Capcom, de son côté, affirme dans son dernier rapport annuel avoir engrangé près d'un milliard de dollars au box-office avec Resident Evil et Street Fighter. Resident Evil Afterlife 3D, sorti en 2010, a même frôlé la barre des 300 millions de dollars pour un budget de seulement 60 millions.
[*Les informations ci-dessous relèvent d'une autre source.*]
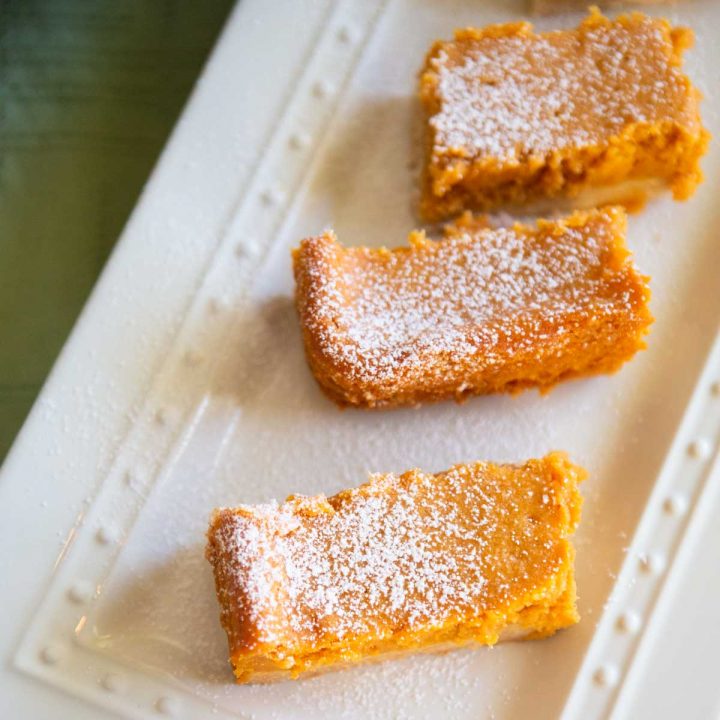 Slices of homemade pumpkin gooey butter cakes are dusted with powdered sugar on a white platter.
Le dernier volet, baptisé rétribution, a quant à lui fait un peu moins bien mais reste encore très rentable avec un investissement initial de 65 millions de dollars :

Capcom Cinéma revenus
Capcom profite bien de cette nouvelle manne financière

Des résultats convaincants qui ont poussé l'éditeur a prévoir un sixième opus, baptisé The Final Chapter, dont le tournage est prévu l'été prochain, mais également à exploiter le filon avec un film basé sur la franchise Dead Rising, attendu cette année. Même l'ogre Disney s'est lancé à sa façon dans ce domaine, avec la très récente annonce d'une série baptisée Gamer's Guide to Pretty Much Everything qui sera diffusée cet été sur la chaîne Disney XD. Il ne s'agit pas de l'adaptation directe d'un jeu, mais d'une série dans laquelle on pourra suivre l'histoire d'un jeune garçon de 15 ans, ancienne gloire du sport électronique désormais à la retraite suite à une blessure au pouce (sic).  

Tant que les films basés sur les jeux vidéo réaliseront de tels chiffres, il ne faudra pas s'attendre à ce que la tendance s'inverse. Par contre, si de gros projets tels que Minecraft ou Warcraft venaient à ne pas trouver leur public, le climat pourait se refroidir d'un coup pour les éditeurs. En attendant, les héros de nos jeux continueront à envahir de plus en plus d'écrans, sans doute pour notre plus grand plaisir.